DELETE FROM [DataRepository]
WHERE [Dar_Id] NOT IN
(SELECT [Meq_Dar_Id] FROM [MessageQueue]) AND [Dar_CreateDate] <
DATEADD(hour, -1, getdate())

DELETE FROM [DataAddress]
WHERE [Daa_Id] NOT IN (SELECT [Dar_Daa_Id_Sender] FROM [DataRepository]
WHERE [Dar_Daa_Id_Sender] IS NOT NULL)
AND [Daa_Id] NOT IN (SELECT [Dar_Daa_Id_Receiver] FROM [DataRepository]
WHERE [Dar_Daa_Id_Receiver] IS NOT NULL)

The first statement pretty much deletes data from DataRepository that is not
in use and is older than one hour. The second deletes data from DataAddress
that isn't used be DataRepository.

After the clean up job (took about 55 minutes), we ended up with 20 rows in
DataRepository that does not exist in DataAddress(!). The rows were created
when the clean up job had just finished and were created in less than a
minute. I've checked the sys.foreign_keys table and both is_disabled and
is_not_trusted is 0.

I'm not sure what the next step is, how can this happen?

Cheers,
Chris

From: John Bell on
On Tue, 27 Apr 2010 23:36:01 -0700, Christoffer
<Christoffer(a)discussions.microsoft.com> wrote:

>Hello, one or two of my colleague has managed to break a foreign key in our
>database, I'd like some help to understand how this have happened.

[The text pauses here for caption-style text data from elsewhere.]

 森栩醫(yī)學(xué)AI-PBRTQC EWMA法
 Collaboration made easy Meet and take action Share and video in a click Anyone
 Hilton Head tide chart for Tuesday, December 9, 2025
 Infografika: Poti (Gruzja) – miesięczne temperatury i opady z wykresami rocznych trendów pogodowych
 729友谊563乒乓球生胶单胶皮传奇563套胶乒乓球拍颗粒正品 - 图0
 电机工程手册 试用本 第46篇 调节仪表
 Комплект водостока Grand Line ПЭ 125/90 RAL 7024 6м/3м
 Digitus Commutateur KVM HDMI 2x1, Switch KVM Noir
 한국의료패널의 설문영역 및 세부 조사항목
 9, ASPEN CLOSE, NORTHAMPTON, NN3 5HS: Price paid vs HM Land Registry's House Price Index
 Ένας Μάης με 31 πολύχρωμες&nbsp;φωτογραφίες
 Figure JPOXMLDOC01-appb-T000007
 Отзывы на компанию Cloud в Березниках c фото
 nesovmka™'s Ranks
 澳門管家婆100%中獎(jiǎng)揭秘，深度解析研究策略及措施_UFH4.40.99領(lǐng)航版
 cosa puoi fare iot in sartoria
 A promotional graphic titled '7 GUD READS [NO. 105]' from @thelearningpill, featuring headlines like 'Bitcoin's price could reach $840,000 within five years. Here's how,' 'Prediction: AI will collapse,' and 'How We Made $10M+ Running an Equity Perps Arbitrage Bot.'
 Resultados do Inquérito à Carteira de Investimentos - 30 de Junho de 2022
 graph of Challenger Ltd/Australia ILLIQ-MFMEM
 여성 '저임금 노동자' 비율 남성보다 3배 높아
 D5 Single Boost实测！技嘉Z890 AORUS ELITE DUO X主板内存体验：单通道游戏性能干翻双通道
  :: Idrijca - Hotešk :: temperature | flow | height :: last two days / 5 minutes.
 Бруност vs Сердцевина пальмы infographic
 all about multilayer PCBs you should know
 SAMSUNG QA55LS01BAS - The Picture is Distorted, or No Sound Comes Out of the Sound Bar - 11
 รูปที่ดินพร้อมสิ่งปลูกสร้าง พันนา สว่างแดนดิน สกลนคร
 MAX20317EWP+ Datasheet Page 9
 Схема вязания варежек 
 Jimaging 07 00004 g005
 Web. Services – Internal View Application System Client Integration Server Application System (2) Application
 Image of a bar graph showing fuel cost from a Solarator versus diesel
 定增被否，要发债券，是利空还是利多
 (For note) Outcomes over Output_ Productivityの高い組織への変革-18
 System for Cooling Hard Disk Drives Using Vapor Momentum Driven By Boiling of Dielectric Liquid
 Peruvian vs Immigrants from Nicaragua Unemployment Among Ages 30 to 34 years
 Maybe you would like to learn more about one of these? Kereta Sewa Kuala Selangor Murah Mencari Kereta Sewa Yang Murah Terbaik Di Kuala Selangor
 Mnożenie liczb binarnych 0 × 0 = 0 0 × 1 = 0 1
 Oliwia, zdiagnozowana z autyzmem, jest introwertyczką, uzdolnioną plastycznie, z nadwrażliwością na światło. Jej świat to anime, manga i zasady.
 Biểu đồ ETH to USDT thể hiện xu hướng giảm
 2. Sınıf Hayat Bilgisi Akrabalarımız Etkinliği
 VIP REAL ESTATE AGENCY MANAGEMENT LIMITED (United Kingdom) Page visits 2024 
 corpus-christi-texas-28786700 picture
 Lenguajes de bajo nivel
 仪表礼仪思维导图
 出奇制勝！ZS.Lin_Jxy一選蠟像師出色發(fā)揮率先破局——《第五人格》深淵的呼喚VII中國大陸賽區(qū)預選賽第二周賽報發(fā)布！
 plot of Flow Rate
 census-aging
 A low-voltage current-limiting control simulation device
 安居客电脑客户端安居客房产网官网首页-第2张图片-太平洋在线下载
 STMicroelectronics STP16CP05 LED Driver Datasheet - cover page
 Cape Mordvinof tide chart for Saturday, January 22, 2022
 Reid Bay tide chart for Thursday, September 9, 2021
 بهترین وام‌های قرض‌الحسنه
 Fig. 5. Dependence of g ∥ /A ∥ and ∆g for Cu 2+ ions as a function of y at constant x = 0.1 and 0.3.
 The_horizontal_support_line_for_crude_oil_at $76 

This might
>be a long story so bear with me :)
>
>There are two tables involved in this. The "DataRepository" that holds data
>that are to be sent to a "DataAddress". Thus the DataRepository has a foreign
>key to DataAddress. The DataRepository has a couple of columns, but the
>important ones is Dar_Id (PK, bigint) and the Dar_Daa_Id (FK, bigint). The
>DataAddres has a Daa_Id (PK, bigint). The foreign key is set between
>Dar_Daa_Id and Daa_Id.
>
>The story is that the DataRepository and DataAddress tables grew quickly in
>our production systems because a daily clean up job wasn't started. This was
>discovered when the server was low on disk space. The clean up job was
>started and ran a stored procedures that did two things:
>
>DELETE FROM [DataRepository]
>WHERE [Dar_Id] NOT IN
>(SELECT [Meq_Dar_Id] FROM [MessageQueue]) AND [Dar_CreateDate] <
>DATEADD(hour, -1, getdate())
>
>DELETE FROM [DataAddress]
>WHERE [Daa_Id] NOT IN (SELECT [Dar_Daa_Id_Sender] FROM [DataRepository]
>WHERE [Dar_Daa_Id_Sender] IS NOT NULL)
>AND [Daa_Id] NOT IN (SELECT [Dar_Daa_Id_Receiver] FROM [DataRepository]
>WHERE [Dar_Daa_Id_Receiver] IS NOT NULL)
>
>The first statement pretty much deletes data from DataRepository that is not
>in use and is older than one hour. The second deletes data from DataAddress
>that isn't used be DataRepository.
>
>After the clean up job (took about 55 minutes), we ended up with 20 rows in
>DataRepository that does not exist in DataAddress(!). The rows were created
>when the clean up job had just finished and were created in less than a
>minute. I've checked the sys.foreign_keys table and both is_disabled and
>is_not_trusted is 0.
>
>I'm not sure what the next step is, how can this happen?
>
>Cheers,
>Chris


Hi

You don't say how the data is inserted! To be consistent the delete
statements should be in a single transaction.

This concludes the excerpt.